Ah le journalisme ! On écrit une chose dans la matinée et hop l'après-midi on nie l'avoir écrit!

Wolof
Soumis par cherruau, le 04/08/2011 à 17h04

Des Africains vivant à Dakar se plaignent en effet de la place occupée par le wolof. Cela ne veut pas dire que nous partagions cette opinion. Nous rendons compte d'un phénomène, sans porter de juger de valeur.

WYSIWYG a répondu le 04/08/2011 à 17h27

Très bien Mr Cherruau, très bien. Vous admettez donc que certains ont dit que la progression du wolof était un problème!

Vous ne l'avez pas dit (et d'ailleurs, si vous me relisez, jamais je vous ai accusé de l'avoir dit) mais des personnes l'ont dit, ce que je réfute. La progression d'une langue dans une société polyglote n'est pas un frein mais un atoût!

Wolof
Soumis par cherruau, le 04/08/2011 à 17h31

En tout cas, pour ma part, je ne suis ni pour ni contre telle ou telle langue. Mon rôle n'est pas de prendre fait et cause pour une langue ou une autre.

antoine534 a répondu le 04/08/2011 à 19h12

Certes mais cela fait quand maintenant deux fois que Slate Afrique titre sur le recul supposé du français au Sénégal ! À quand un article sur la diffusion croissante du français en Afrique francophone ?

Le français décline
Soumis par blaisou, le 04/08/2011 à 17h58

Au delà des chiffres, il y a une réalité: vous aurez beau tendre l'oreille à Dakar, capitale économique, nous n'entendrez pas parler français.
N'en déplaise à certains mais c'est un problème à long terme dans la mesure ou l'enseignement se fait en langue française, laquelle devient peu utilisée alors que le wolof n'est que parlé et est géographiquement très restreint.
Et tout le monde sait que le non usage d'un savoir se perd allègrement au fil du temps .......jusqu'à sa déperdition ou son déclin mais ça va de pair, la France et le français déclinent au Sénégal.

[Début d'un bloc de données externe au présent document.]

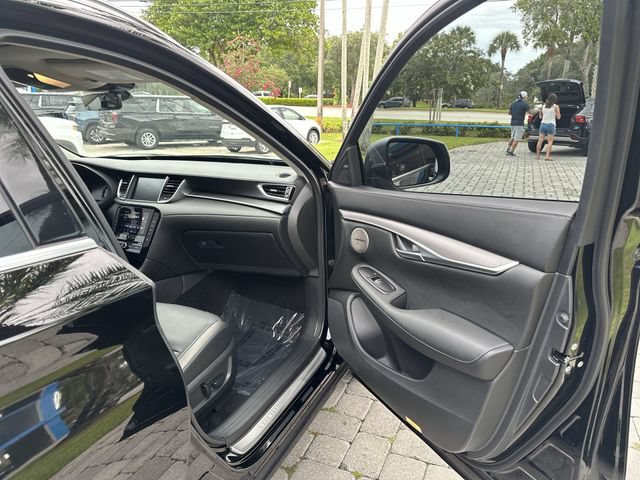 Used 2023 INFINITI QX50 Luxe w/ Accent Package FWD image 23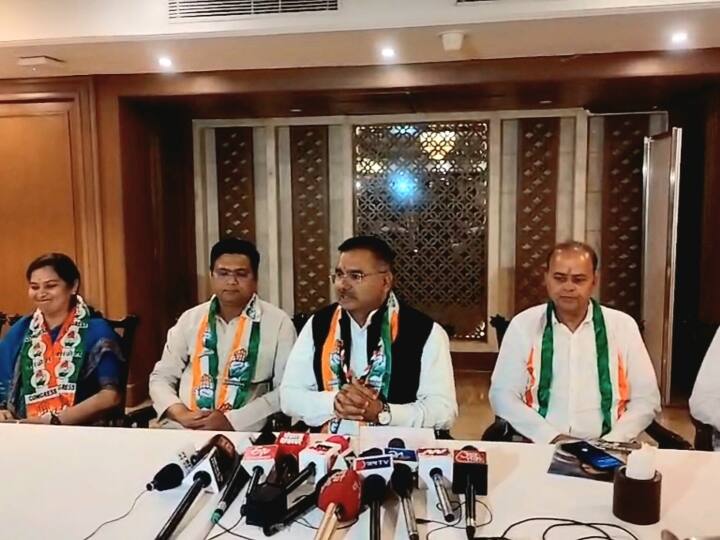 Jodhpur Rahul Gandhi Disqualified as an MP Alok Sharma says Congress will fight Modi Government with fight ANN Jodhpur: कांग्रेस प्रवक्ता आलोक शर्मा बोले- 'मोदी सरकार से कांग्रेस डरने वाली नहीं, मजबूती से करेंगे मुकाबला'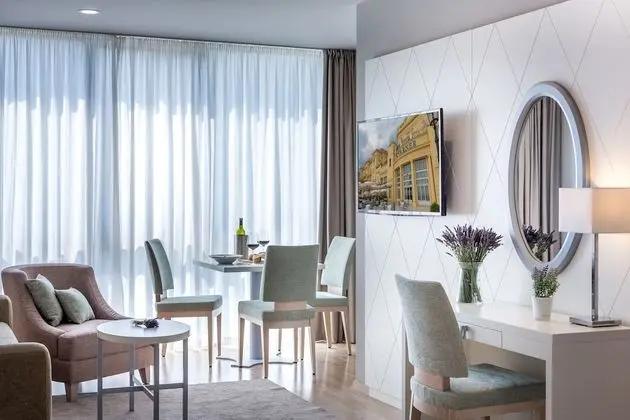 Preelook Apartments and Rooms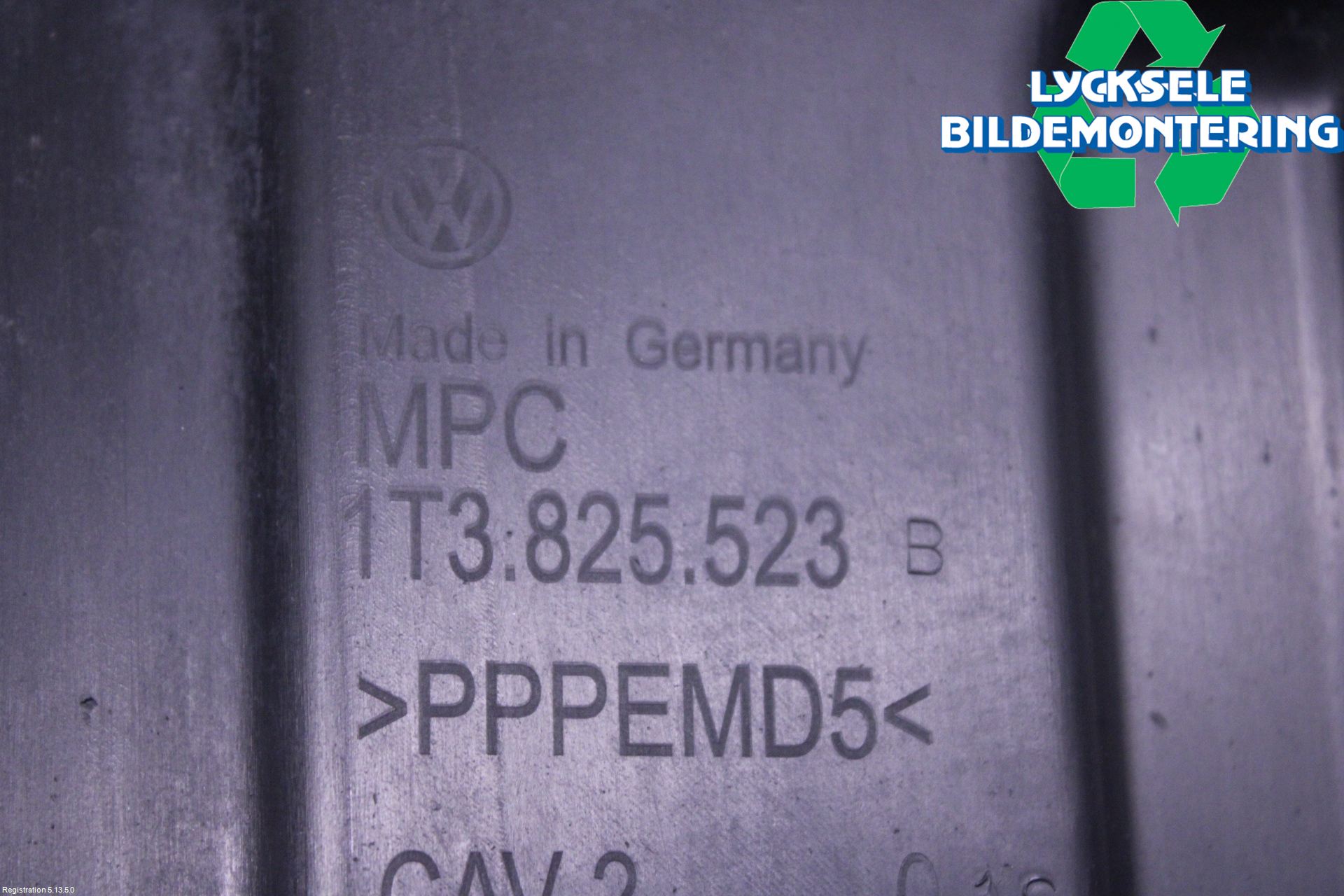 Volkswagen VW ID.5 22- Hasplåt Plåt-Plast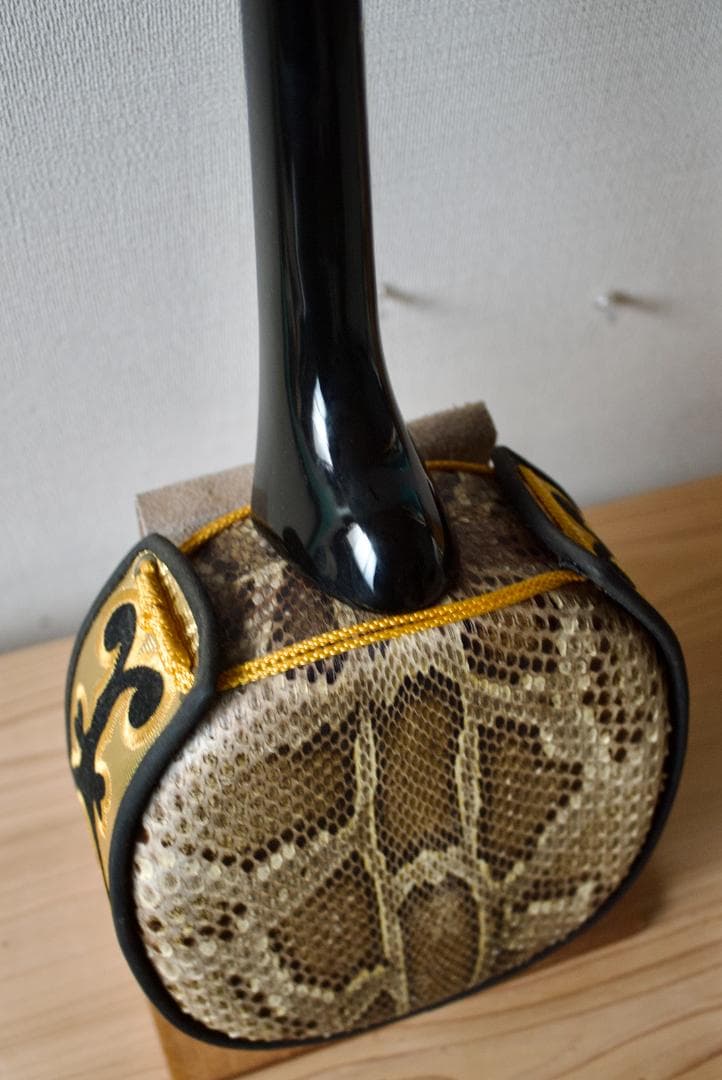 三線 沖縄 本皮強化張り ソフトケース付 初心者 三味線 送料込み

cherruau a répondu le 04/08/2011 à 19h21

SlateAfrique n'a rien contre la langue française. L'idiome que ce média utilise chaque jour.

antoine534 a répondu le 04/08/2011 à 19h24

>Au delà des chiffres, il y a une réalité : vous aurez beau tendre l'oreille à Dakar, capitale économique, nous n'entendrez pas parler français.

Certes mais je poserais plusieurs questions :

1) Quelle langue parle-t-on dans les grandes entreprises sénégalaises ?

2) Dans quelle langue les employés écrivent-ils leurs courriels quand ils doivent communiquer avec d'autres entreprises sénégalaises ?

3) Quelle langue parle un non-wolophone à Dakar ?

4) Quelles sont les perspectives d'emploi dans un grand organisme (entreprise privée ou service public) pour un Sénégalais qui ne parlerait pas français ?

5) Peut-on vivre à Dakar en ne parlant que français ?

antoine534 a répondu le 04/08/2011 à 19h36

>SlateAfrique n'a rien contre la langue française.

Franchement, on ne dirait pas ! Lorsque l'on écrit coup sur coup deux articles sur le déclin supposé du français au Sénégal (déclin très discutable) et que, dans le même temps, on n'écrit aucun article sur la diffusion croissante du français dans de nombreux pays d'Afrique francophone, c'est dur d'écrire ensuite que l'on n'a rien contre la langue française !
Quand les journalistes de Slate Afrique vont-ils enfin écrire un article sérieux sur la diffusion croissante du français en Afrique francophone ? Toujours pas de réponse à cette question.
Pourtant, le nombre de locuteurs du français en Afrique ne cesse et n'a cessé d'augmenter, que ce soit le français langue maternelle ou langue seconde :
http://fr.wikipedia.org/wiki/Fran%C3%A7ais#Situation_du_fran.C3.A7ais_pa...

SlateAfrique a un problème avec la France, pas avec le français
Soumis par kidon, le 04/08/2011 à 20h17

On peut se demander l'intérêt de sortir :
- Jour 1 : L'influence de la France décline en Afrique
- Jour 2 : Les français c'est tous des salops qui détestent l'Afrique et tuent des africains
- Jour 3 : La langue française décline en afrique francophone
- Jour 4 : les croisés français bombardent les musulmans lybiens, tuent femmes et des enfants.

De là à dire que Slate Afrique appelle à la haine contre les français il n'y a qu'un pas.

D'ailleurs il apparaît de plus en plus que les lecteurs sont attirés par ce racisme anti français, et il apparaît aussi qu'ils sont la cible du journal.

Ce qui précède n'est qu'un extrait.